As Formula 1 moves into its latest ‘new era’, Mark Hughes considers the prospects of every car on the grid.
It’s in 2016 finishing order…
Major new aero regs were probably the last thing this team wanted, simply because it introduces opportunity for others to steal a march that might otherwise not have been there. But the Brackley aero team is arguably every bit as effective as Red Bull’s, so it’s going to be fascinating to see how each has gone about maximising the opportunities within the much freer regulations.
It’s strongly rumoured that this year’s Renault power unit takes the Mercedes approach in splitting turbine and compressor, and mounting the latter up front to give much better routes for the plumbing and cooling, giving efficiency and space gains.
Sergio Marchionne has chosen not to go on a recruitment spending spree to replace James Allison preferring instead to steady the ship by showing faith in those already there. Martino Binotto thus oversees the technical side of things, while Rory Byrne has been brought out of semi-retirement (again) to lend a hand with the SF70H’s concept.
The big question is whether in the wake of a major regulation change that has completely redefined the aerodynamic parameters, the team can continue to punch above its weight.
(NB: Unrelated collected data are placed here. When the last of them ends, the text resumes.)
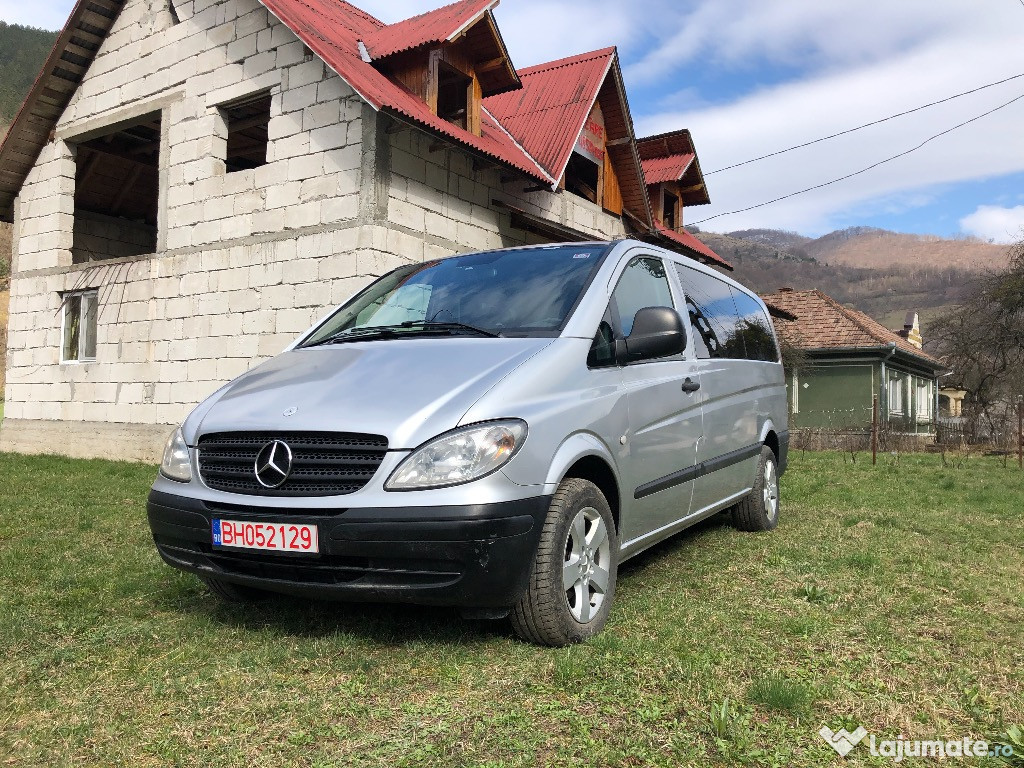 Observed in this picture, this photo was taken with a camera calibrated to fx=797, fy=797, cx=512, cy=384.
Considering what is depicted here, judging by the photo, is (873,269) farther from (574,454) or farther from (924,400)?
(574,454)

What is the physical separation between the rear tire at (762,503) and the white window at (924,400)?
30.1 metres

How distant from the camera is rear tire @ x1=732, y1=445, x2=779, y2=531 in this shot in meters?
6.05

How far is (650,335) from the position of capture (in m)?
3.77

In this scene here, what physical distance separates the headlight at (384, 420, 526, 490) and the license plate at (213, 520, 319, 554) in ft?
1.27

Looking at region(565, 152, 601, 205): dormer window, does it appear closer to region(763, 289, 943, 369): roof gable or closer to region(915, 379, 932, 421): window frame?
region(763, 289, 943, 369): roof gable

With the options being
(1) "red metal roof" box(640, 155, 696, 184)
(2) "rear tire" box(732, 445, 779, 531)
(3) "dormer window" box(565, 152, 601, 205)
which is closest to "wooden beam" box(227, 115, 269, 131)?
(3) "dormer window" box(565, 152, 601, 205)

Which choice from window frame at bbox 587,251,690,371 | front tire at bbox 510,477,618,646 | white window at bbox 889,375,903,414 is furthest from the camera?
white window at bbox 889,375,903,414

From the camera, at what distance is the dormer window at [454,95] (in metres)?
12.2

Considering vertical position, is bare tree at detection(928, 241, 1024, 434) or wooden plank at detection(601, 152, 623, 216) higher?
wooden plank at detection(601, 152, 623, 216)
There have been major changes behind the scenes during the winter. Director of engineering Pat Symonds has been dismissed, lead driver Valtteri Bottas has been taken away by Mercedes, the chief of aero has been replaced (Dirk de Beer taking over from Jason Somerville), a new chief of vehicle dynamics, a new project manager, new team manager (Dave Redding) and – still to be confirmed but all agreed – the biggest change of all: the recruitment of Paddy Lowe as technical chief (and potentially more).
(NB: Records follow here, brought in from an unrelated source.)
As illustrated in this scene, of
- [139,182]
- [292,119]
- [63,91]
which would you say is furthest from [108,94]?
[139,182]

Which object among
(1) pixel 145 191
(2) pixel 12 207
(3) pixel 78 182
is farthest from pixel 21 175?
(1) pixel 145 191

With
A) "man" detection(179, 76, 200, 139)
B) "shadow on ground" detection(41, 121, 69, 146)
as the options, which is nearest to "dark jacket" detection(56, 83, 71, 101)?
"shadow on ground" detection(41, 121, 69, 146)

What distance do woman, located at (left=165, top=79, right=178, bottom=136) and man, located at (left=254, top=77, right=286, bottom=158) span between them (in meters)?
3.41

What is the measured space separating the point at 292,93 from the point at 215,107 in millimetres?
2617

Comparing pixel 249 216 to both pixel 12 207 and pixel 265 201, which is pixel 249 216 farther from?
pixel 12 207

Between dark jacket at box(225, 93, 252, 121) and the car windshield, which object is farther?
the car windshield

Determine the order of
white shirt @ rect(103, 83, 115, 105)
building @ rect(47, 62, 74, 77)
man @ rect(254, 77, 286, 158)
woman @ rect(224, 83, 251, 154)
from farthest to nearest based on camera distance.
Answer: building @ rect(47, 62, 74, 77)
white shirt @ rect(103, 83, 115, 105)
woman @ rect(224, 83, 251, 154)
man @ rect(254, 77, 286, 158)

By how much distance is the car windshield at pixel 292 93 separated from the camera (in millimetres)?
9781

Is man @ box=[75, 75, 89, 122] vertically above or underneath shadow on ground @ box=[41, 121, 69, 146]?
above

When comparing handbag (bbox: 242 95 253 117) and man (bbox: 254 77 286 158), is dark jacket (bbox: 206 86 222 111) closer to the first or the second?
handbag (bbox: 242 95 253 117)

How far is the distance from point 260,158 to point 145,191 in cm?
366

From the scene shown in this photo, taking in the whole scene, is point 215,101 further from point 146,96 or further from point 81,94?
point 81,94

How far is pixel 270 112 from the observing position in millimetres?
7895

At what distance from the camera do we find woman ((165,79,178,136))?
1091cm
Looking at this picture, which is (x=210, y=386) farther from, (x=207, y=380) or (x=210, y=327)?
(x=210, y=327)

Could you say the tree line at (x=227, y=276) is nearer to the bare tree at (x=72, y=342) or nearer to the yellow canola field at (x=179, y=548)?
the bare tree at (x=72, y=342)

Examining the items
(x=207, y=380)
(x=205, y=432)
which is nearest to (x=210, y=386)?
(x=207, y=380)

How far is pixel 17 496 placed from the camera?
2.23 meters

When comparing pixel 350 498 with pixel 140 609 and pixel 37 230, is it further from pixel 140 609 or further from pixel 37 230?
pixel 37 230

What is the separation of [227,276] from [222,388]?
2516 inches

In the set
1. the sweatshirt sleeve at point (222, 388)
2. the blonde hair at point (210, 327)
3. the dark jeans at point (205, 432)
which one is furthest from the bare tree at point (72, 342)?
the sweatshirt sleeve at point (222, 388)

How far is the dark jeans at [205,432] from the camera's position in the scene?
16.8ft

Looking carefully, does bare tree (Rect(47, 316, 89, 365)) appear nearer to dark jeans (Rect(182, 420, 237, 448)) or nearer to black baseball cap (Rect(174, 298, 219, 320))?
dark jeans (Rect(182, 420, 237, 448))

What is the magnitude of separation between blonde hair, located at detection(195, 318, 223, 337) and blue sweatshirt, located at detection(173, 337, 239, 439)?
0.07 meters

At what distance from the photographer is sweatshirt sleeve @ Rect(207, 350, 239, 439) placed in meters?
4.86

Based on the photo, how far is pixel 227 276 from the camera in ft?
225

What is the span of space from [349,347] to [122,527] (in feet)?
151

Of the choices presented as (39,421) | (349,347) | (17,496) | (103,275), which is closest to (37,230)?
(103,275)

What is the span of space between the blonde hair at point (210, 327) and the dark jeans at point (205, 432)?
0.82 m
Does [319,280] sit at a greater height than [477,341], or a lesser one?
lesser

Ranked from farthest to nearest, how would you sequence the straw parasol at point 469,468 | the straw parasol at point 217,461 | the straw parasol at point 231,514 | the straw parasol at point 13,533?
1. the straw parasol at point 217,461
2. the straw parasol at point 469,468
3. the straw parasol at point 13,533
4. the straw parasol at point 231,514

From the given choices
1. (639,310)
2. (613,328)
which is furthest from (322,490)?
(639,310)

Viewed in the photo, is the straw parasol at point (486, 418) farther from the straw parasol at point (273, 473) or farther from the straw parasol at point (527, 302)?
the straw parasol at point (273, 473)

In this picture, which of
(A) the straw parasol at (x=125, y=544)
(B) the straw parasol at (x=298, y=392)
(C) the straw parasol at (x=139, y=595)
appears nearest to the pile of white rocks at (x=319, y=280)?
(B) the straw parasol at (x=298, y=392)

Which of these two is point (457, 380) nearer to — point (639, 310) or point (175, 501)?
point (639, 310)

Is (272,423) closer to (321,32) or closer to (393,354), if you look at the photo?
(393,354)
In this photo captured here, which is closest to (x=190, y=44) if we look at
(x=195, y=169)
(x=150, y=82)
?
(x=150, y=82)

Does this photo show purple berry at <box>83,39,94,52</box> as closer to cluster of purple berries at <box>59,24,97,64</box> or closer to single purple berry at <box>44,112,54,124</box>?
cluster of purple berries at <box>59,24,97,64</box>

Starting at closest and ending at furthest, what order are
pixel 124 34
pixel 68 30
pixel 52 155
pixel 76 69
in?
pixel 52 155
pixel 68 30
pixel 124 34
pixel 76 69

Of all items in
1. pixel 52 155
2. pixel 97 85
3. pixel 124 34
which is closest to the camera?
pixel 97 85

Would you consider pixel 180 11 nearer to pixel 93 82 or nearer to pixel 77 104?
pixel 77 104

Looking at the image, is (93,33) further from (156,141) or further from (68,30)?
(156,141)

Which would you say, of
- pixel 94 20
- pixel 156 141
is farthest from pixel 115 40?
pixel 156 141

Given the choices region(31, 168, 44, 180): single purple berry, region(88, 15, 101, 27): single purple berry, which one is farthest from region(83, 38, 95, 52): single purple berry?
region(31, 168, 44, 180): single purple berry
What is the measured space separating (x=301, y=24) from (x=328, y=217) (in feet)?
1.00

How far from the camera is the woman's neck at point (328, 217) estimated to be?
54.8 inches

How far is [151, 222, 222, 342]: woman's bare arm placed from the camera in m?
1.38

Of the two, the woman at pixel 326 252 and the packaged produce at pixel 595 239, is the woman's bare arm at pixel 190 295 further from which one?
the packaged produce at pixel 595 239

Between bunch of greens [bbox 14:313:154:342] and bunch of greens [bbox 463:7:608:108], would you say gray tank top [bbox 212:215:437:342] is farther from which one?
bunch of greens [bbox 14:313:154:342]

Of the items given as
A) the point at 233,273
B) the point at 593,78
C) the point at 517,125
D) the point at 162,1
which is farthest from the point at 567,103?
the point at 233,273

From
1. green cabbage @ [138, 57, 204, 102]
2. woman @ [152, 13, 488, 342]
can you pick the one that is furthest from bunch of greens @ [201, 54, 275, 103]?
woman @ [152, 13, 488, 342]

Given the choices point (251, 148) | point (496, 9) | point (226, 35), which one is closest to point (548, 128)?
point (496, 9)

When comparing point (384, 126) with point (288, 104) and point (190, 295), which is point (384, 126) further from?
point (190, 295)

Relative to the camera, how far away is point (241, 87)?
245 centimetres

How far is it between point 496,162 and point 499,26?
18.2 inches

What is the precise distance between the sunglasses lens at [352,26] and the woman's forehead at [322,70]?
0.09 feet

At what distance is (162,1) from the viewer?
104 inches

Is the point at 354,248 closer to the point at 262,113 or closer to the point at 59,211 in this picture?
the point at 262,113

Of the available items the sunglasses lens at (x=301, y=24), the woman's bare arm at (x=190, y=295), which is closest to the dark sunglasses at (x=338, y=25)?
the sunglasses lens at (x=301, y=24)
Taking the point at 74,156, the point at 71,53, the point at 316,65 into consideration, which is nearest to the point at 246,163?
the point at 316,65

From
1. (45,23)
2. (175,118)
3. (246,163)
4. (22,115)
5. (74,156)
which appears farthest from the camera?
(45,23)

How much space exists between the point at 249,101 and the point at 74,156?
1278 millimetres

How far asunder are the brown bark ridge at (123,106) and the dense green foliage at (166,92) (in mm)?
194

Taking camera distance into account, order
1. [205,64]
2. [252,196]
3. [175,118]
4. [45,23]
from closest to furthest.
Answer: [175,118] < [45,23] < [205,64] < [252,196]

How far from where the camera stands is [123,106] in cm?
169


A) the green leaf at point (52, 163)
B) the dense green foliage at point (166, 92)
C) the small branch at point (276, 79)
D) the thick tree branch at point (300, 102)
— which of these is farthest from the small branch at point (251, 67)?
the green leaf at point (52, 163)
This is the beginning of the third era of McLaren, with newly recruited Zak Brown heading up the commercial and strategic sides of the team. It’s a very different style of leadership to Dennis’, with a skillset more in tune with the times.
Respect in the paddock of this little team’s aerodynamic capability is very high. There were occasions in 2015 (the last time it had an uncompromised preparation) where it had a car second only to Mercedes through the high speed corners.
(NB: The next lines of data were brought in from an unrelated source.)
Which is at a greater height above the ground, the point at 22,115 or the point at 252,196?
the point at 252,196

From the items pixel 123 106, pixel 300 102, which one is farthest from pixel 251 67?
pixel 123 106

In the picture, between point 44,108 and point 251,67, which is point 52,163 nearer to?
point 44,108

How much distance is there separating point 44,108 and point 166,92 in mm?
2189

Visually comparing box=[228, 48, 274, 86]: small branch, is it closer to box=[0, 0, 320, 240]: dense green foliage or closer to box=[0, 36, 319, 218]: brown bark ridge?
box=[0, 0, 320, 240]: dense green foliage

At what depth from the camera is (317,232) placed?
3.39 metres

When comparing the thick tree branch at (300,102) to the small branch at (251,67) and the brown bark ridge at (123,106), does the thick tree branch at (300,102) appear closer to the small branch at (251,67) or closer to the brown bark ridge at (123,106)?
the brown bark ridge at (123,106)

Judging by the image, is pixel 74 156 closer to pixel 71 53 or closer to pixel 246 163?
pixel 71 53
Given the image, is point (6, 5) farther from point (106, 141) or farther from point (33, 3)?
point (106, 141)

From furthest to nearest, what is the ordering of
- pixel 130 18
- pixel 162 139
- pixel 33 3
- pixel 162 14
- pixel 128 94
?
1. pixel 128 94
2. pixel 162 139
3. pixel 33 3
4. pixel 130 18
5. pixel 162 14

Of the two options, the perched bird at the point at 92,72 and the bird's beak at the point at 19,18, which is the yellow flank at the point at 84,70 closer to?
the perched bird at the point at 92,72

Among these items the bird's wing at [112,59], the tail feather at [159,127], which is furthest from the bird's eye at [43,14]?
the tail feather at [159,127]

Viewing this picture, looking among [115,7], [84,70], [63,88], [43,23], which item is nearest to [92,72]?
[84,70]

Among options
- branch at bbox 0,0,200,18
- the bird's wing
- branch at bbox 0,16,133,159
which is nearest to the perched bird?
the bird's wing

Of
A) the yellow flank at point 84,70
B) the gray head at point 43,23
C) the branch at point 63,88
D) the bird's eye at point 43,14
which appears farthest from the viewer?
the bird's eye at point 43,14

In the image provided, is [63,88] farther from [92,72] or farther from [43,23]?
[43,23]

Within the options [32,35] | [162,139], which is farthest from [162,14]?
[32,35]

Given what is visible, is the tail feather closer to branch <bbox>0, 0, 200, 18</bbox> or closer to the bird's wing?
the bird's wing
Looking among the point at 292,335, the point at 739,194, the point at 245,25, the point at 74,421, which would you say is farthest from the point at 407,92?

Last year may have been the easy bit. This time around it has had to create its new car with the major distraction of simultaneously racing.
Fifth place in the constructors’ championship is quite a serious target, and would seem to imply beating at least two of McLaren, Force India and Williams based on last year’s form. Do-able perhaps but such targets are of course only partly in the control of those who set them.
Having been in survival mode for the last two seasons, its new ownership and the likely absence of Manor from the grid means its future now looks much more assured.